#### WORK ORDER:
Copy, exactly and without additions, every line in the records below from the one holding "CS-Potterish_01226.jpg CS-Potterish_01226.jpg" through the one holding "vacunacion adultos mayores", both ends included.

#### EXERCISE INPUTS:
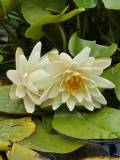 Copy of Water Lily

---

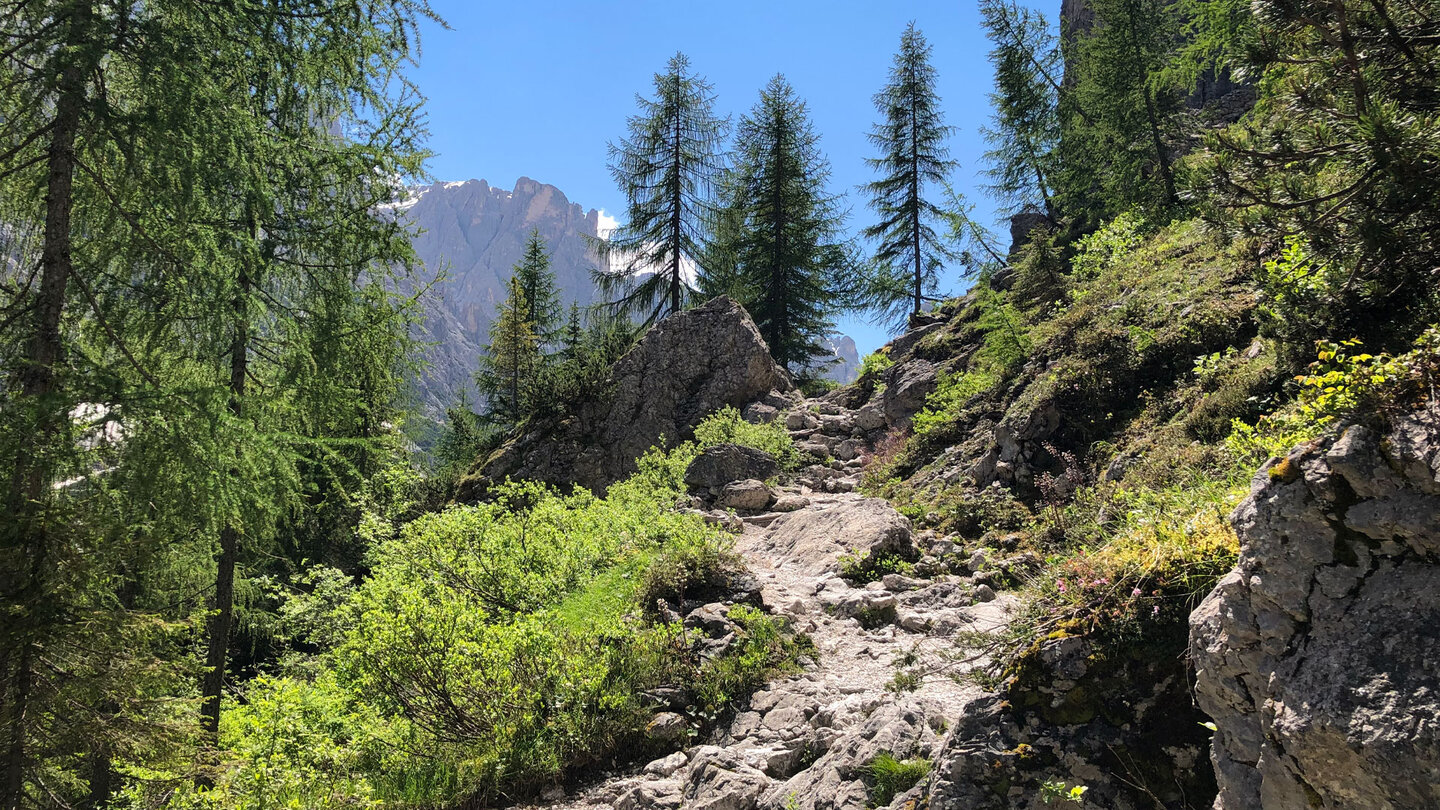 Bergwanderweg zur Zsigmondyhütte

* * *

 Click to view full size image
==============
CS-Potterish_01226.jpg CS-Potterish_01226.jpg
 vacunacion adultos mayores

#### ANSWER TO THIS TASK:
CS-Potterish_01226.jpg CS-Potterish_01226.jpg
 vacunacion adultos mayores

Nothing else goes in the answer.